5.) Me Against His Music
For fans feeling any prolonged “meh”-ness after hearing the song, remember: It’s will.I.am’s stupid and/or amazing song, not Britney’s! He was the one who decided to give Britney 12 seconds and a faint backing vocal. That’s all his doing. One might even say…it’s his prerogative.
SHOUTS (OF HORROR)
1.) It’s not very much Britney at all, bitch
As we’ve already deduced, the Holy Spearit spent about as much time recording this song as Princess RiRi does on her weekly albums. To reiterate, Will: You had the opportunity to produce a song with Britney Spears, and you chose to HAY-HO-HAY-HO your way through for 4 minutes instead. No, really, her fans will love that! Everyone will! We love it!
2.) It’s (also) will.i.am, bitch
We don’t need to really go there, because you already know. will.i.am is to music as LMFAO is (was?) to–well, music. It’s bad, it’s childish, and it’s the kind of music that provides the sloppy soundtrack to every Facebook album called “GIRLZ NITE OUT!!1!”. I know, not everything he’s done is shit–but more often than not, it really is.
3.) The not-so-big fat bass
The beat is basic. I mean, sure: It’s a toe-tapper when played loud, but like…let’s be real. Really, REALLY real. That beat drop after Britney’s legendary line? WEAK. A drop is supposed to FUCK your body (Legendtina knows a thing or two about that–SAY!) This? This isn’t a fuck. This is one of those awkward, fumbling make-out sessions in a club at 4 AM where you’re like “OH! Hey, how’r–oh, your tongue’s in my mouth. Okay. That’s fine.” And Will’s sad “Aw, yeeeaah!”? will.I.CANNOT.
4.) Trip the station, change the channel
You know what makes songs with a swear word or two intolerable? Terrible radio edits! And that’s exactly what we’ve got here: On the radio edit of “Scream & Shout,” Britney’s otherwise fierce “You’re gonna turn this shit up” has been reduced to the infinitely tamer “You’re gonna turn, turn it up!” I mean, ugh.

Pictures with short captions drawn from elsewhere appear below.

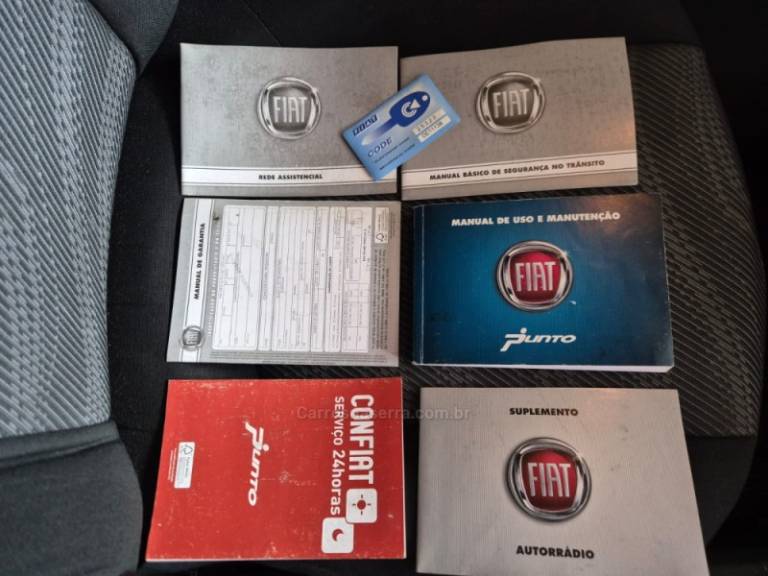 FIAT - PUNTO - 2010/2011 - Preta - R$ 33.900,00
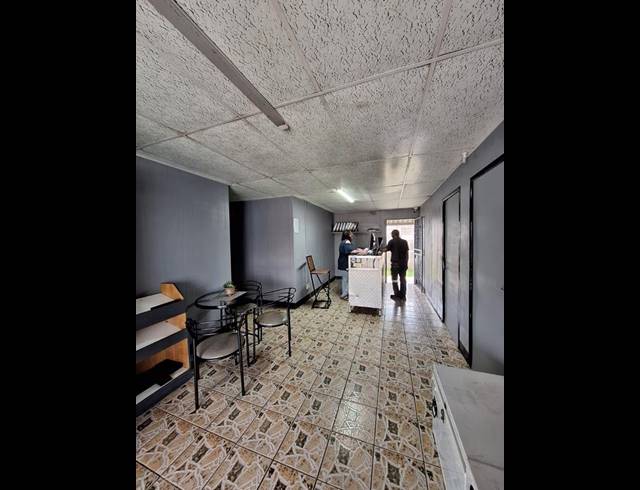INDUSTRIAL PROPERTY TO RENT IN AUREUS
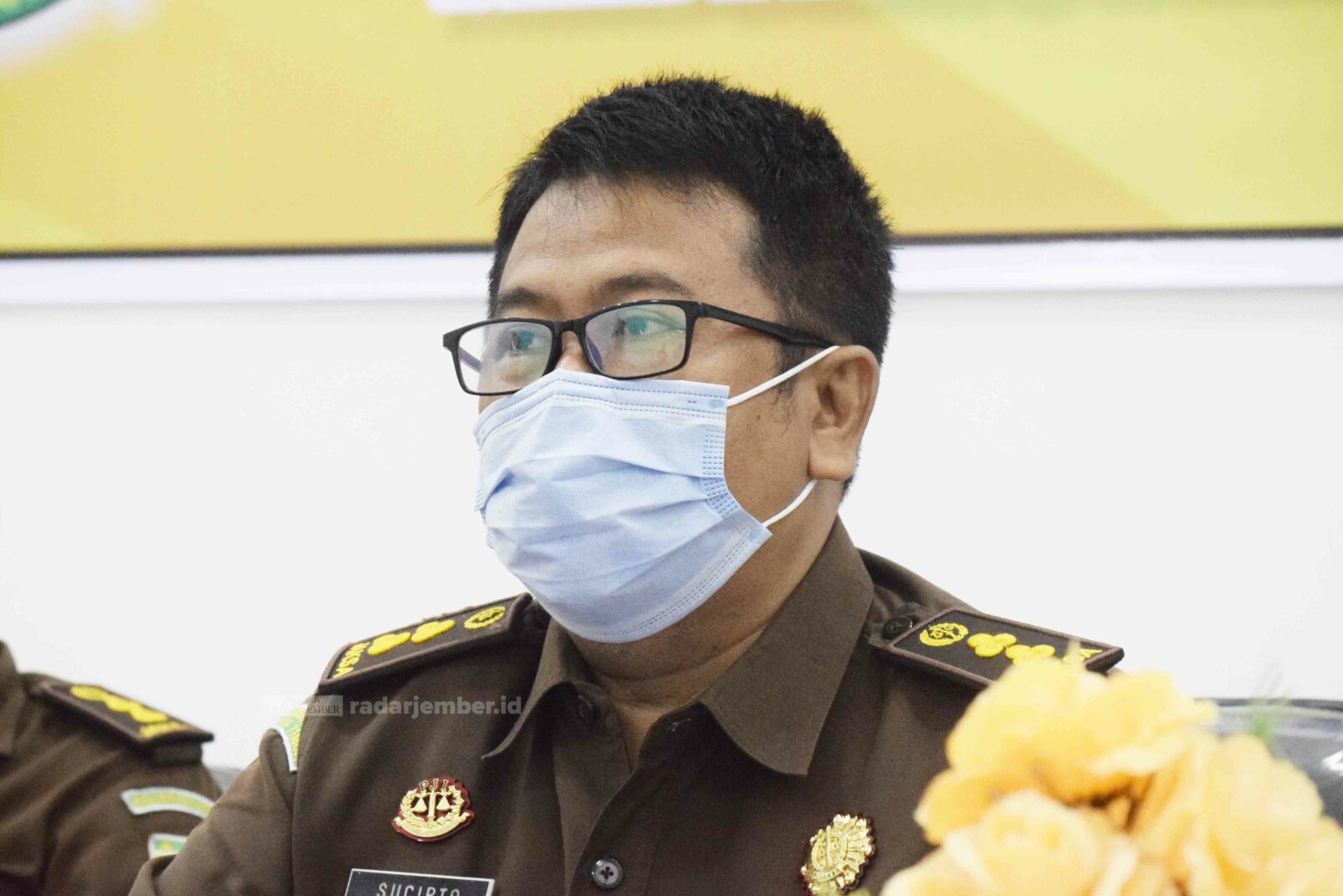 “Kami akan membina pendamping PKH. Supaya tidak ada lagi kasus penyimpangan-penyimpangan itu. Untuk tim khusus, ya, kami bersinergi dengan kepolisian serta Dinsos.”  SUCIPTO  Kasi Intelijen Kejari Bondowoso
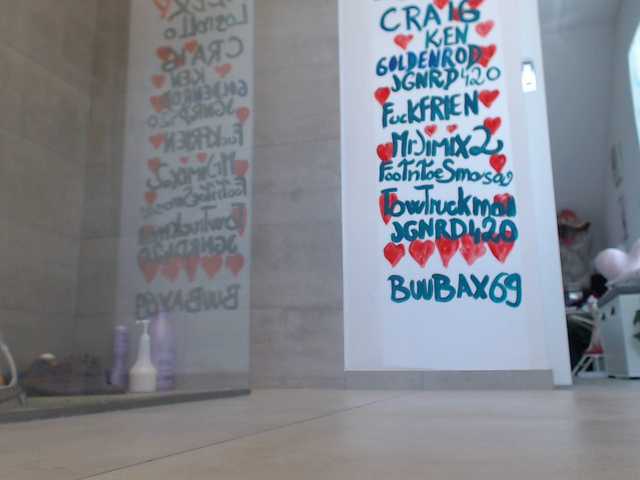 Vysílací screenshoty KinkyMoni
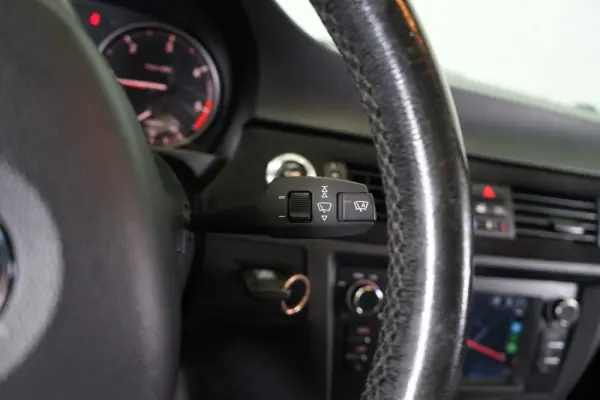 BMW 320 d Coupe Auto 28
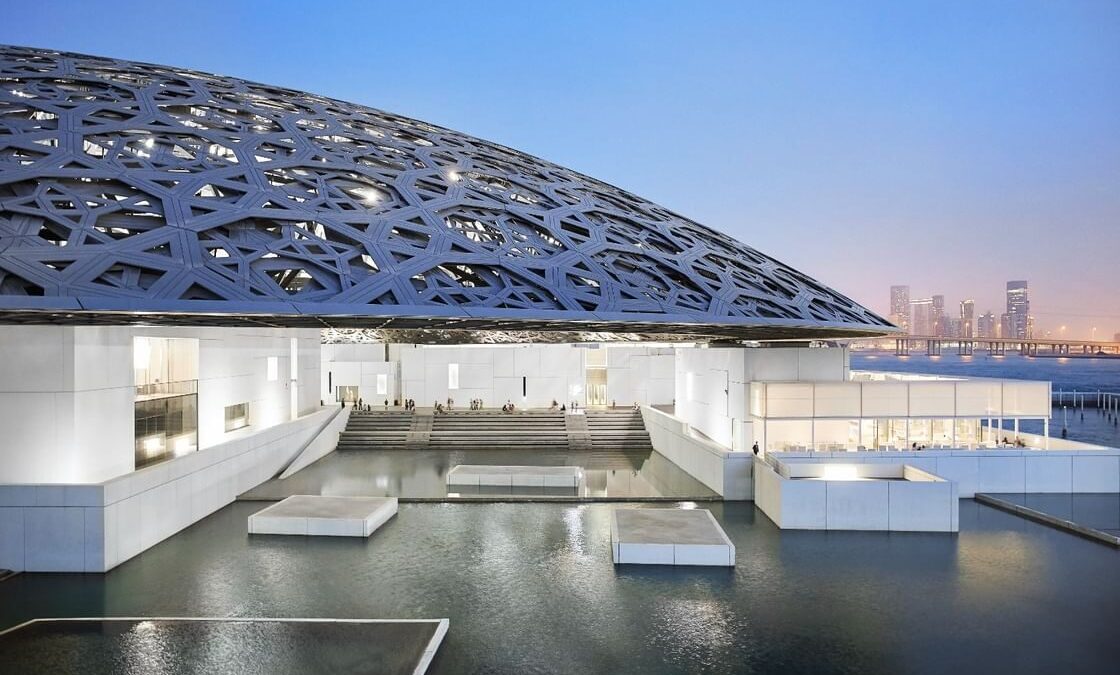 “اللوفر أبوظبي” يُفتح باب المشاركة في معرض “فن الحين 2026” وجائزة ريتشارد ميل للفنون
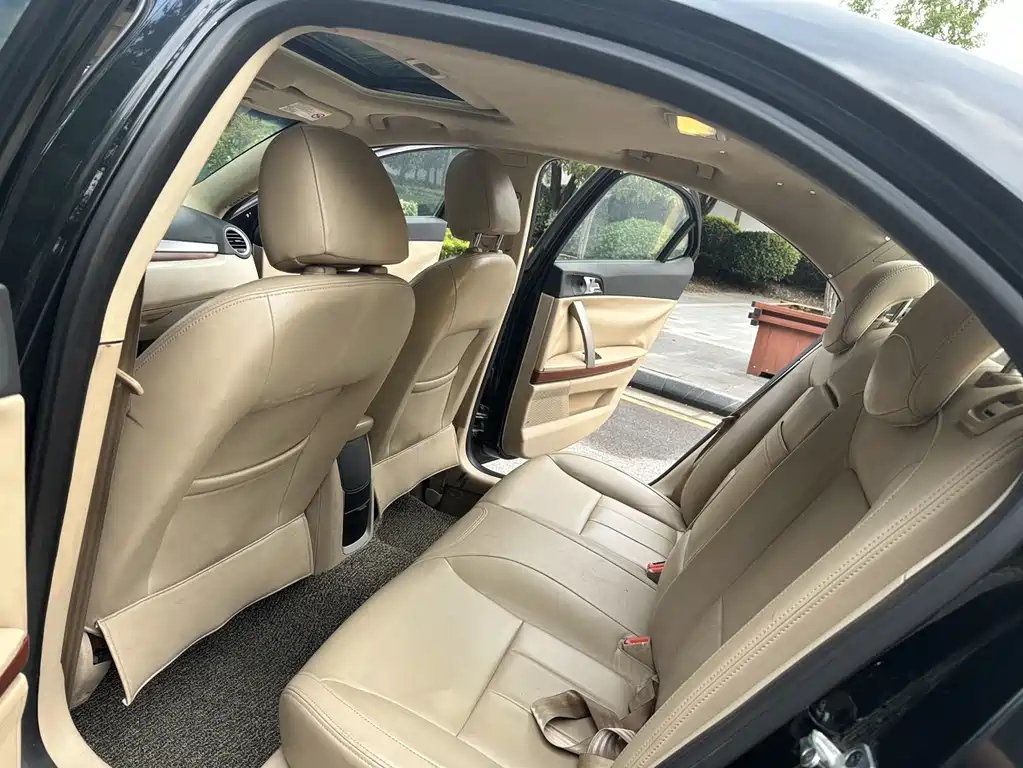 ROEWE 550 2014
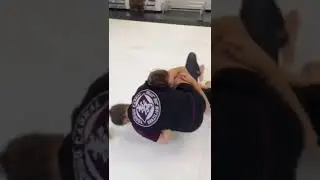 #jiujitsu #bjjwomen #nogi #train #compete #drill #roll #bff #goals #athlete #howweroll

Perhaps you love this song, and you’re screaming, shouting and letting it all out right now. Or perhaps you think that Britney deserves to be featured on something vastly superior. In either case: We’re going to get through this, together, dancing till the world ends. In the meantime, prepare for the upcoming music video, and pray for ample hairflips and armography aplenty.
I’ll support my Queen regardless, and will likely have “BUY SCREAM & SHOUT ON iTUNES!” tattooed on my neck by next Tuesday, but I’m not about to pretend like this song isn’t extraordinarily basic. (That being said, I’m contractually obligated as a lifelong stan to go buck wild at the club if it comes on, and so I shall.)
As I said before, the great thing about this song is that it’s got nothing to do with Britney’s own career. It’s just a little taste of our beloved living legend to pass the time until Album #8. So have fun cooking up Blackout 2.0 in the studio with Darkchild and Danja, B! And please: never, ever accept will.i.am’s invitation to record together again.
…even if you do look adorable dancing in his studio.